The handedness was measured with the Edinburgh Handedness Inventory (Oldfield, 1971). The questionnaire consists of 10 questions in which participants declare their preferred hand in performing daily activities.


Data was collected during regular academic classes. Participants were tested in a group setup in lecture halls/seminar rooms. After providing general information about the study, participants, who agreed to volunteer, were orally instructed to have their hands free and keep their arms down (thus, they were not holding the hands in front of them and they did not see them), and then count on their fingers from 1 to 10 and memorize the order. Subsequently, the questionnaires were distributed, and participants were asked to mark the sequence on the palm drawing on the questionnaire (i.e., the schematic hands drawings were not visible to the participants while counting). Note that this procedure differs from Fischer (2008) in that participants first counted freely and then marked their preferred FC scheme. According to Wasner et al. (2014), this makes a meaningful difference (see Introduction). After marking the order of FC on the schematic hands, participants were asked to respond to items of the questionnaire. Participants were free not to return the questionnaires to ensure their freedom to withdraw from their participation in the study. They were also free to omit some items if they wished to. Thus, in some analyses the reported number of participants does not sum up to 380. The procedure lasted approximately 15 min.



The laterality quotient (LQ) could range from −100 to +100. According to Oldfield’s (1971) recommendations, the participants were categorized as right-handers (LQ > 40; n = 328, i.e., 86.3% of the sample), ambidextrous (40 ≤ LQ > 0; n = 22, i.e., 5.8%), or left-handers (LQ ≤ 0; n = 30, i.e., 7.9%)3 .

Finger counting routines

Results regarding the FC routines and patterns are summarized in Table 1. More participants declared starting with their right than with their left hand. Interestingly, the proportion of right- and left-starters differed significantly depending on handedness (chi22 = 12.56; p = 0.002). This effect was driven by the difference between left-handers and two other groups. Left-handers were more likely to start FC from the left hand than from the right hand. The opposite was true for right-handers and ambidextrous (Table 2).

Table 1:
Finger counting patterns and finger counting habits.
N %
(a) Counting pattern
1 2 3 4 5
RT RI RM RR RP 215 56.6
RT RI RM RP RR 3 0.8
LT LI LM LR LP 159 41.8
LT LI LM LP LR 2 0.5
LI LM LR LP LT 1 0.3
(b) Starting hand
Right 218 57
Left 162 43
(c) Starting finger
Thumb 371 97.6
Pinkie 8 2.1
Index 1 0.3
(d) Hands used > 5
One 11 2.9
Both 369 97.1
(e) Technique
Extending 288 75.8
Moving 21 5.5
Folding 5 1.3
Various 66 17.4
DOI: 10.7717/peerj.5878/table-1


Counting patterns: each letter pair points at hand (R = right; L = left) and finger (T = thumb; I = index finger; M = middle finger; R = ring finger; P = pinkie) used to indicate the number at the top of its column. Data from items (a) to (d) are based on participants’ marks on the palm drawing. Data from item (e) are from the question.

Table 2:
Handedness vs. starting hand.
Handedness Starting hand Total
Right Left
N % N % N
Right-handed 197 60 131 40 328
Ambidextrous 13 59 9 41 22
Left-handed 8 27 22 73 30
DOI: 10.7717/peerj.5878/table-2

Irrespective of the starting hand, nearly all participants declared starting with their thumb. A few participants declared starting with their pinkie, and only one—with the index finger. Vast majority of participants used both hands to count to ten. Interestingly, when participants were explicitly asked whether they use the other hand or continue with the same one (i.e., Q3), four times more individuals declared using only one hand.

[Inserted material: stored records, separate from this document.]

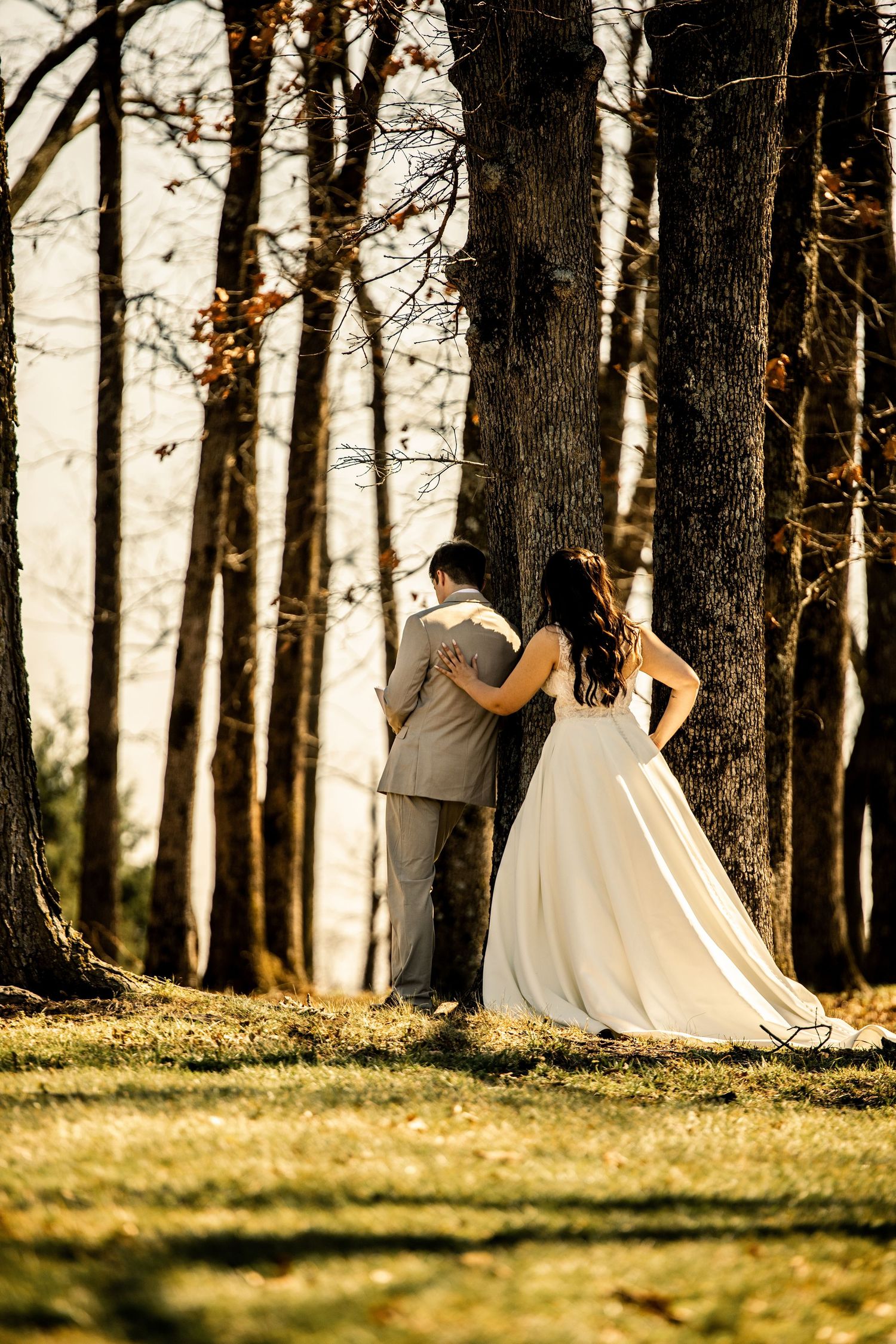 Bride and groom standing together among tall autumn trees in golden evening light.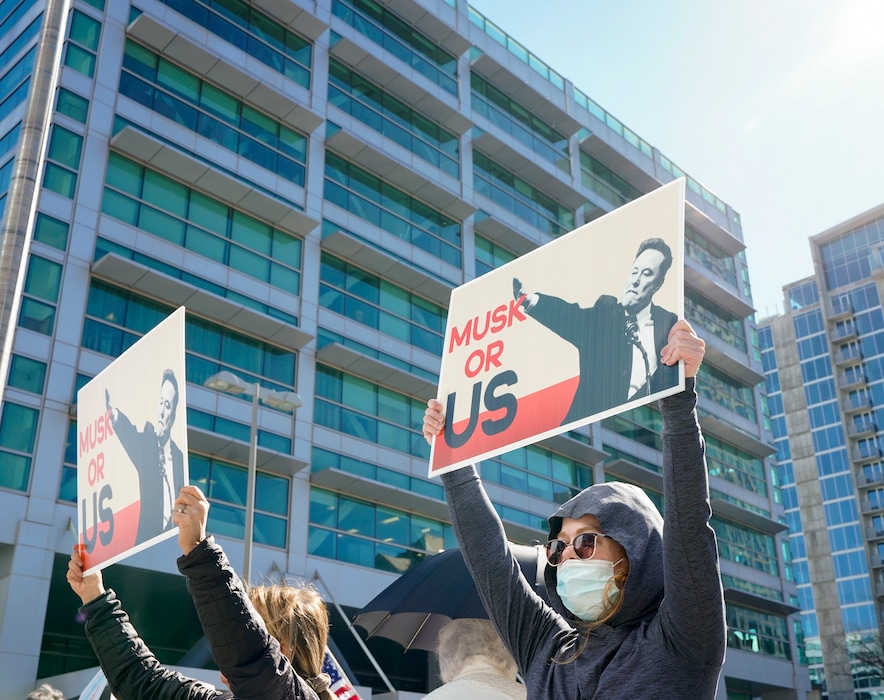 (Chris Samuels | The Salt Lake Tribune) People participate in a protest against Elon Musk and the Trump administration outside the Wallace F. Bennett Federal Building in Salt Lake City, Wednesday, Feb. 26, 2025. The Trump administration has marked the building "for disposal" as part of its push to cut federal spending.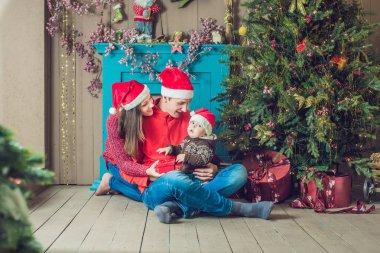Mutlu bir aile Noel kutluyor. Anne, baba ve oğlu Noel süsleri.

Out of 369 participants who declared using both hands, 353 declared they continued from the thumb of the other hand. Other participants declared starting from the pinkie of the other hand. Eight participants reported sequences not following the anatomical order in any direction.

The most prevalent FC technique reported by participants was extending their fingers. A total of 288 participants declared this as their only strategy. Out of these, 45 participants reported that they additionally touch the inner side of the other palm. The other techniques were far less common, with 21 participants declaring that they counted by making small movements either against a surface or against an item held in their hand. Only five participants declared that they start from an open palm and fold their fingers consecutively. Another five participants declared using “other” techniques only. The remaining 66 participants marked answers that were somehow contradictory with each other (e.g., both spreading and using an item). Most likely, these participants were using varied routines and did not reveal very strong preferences toward any of them.

The most common use of FC declared by participants was listing elements and presenting arguments and plans. A considerable proportion of participants used FC for calendar calculations. Communicating quantity and making simple calculations were somehow less prevalent. By far the least common use of FC reported by the participants was for multiplication (Fig. 1).

Circumstances in which finger counting is used.

Figure 1: Circumstances in which finger counting is used.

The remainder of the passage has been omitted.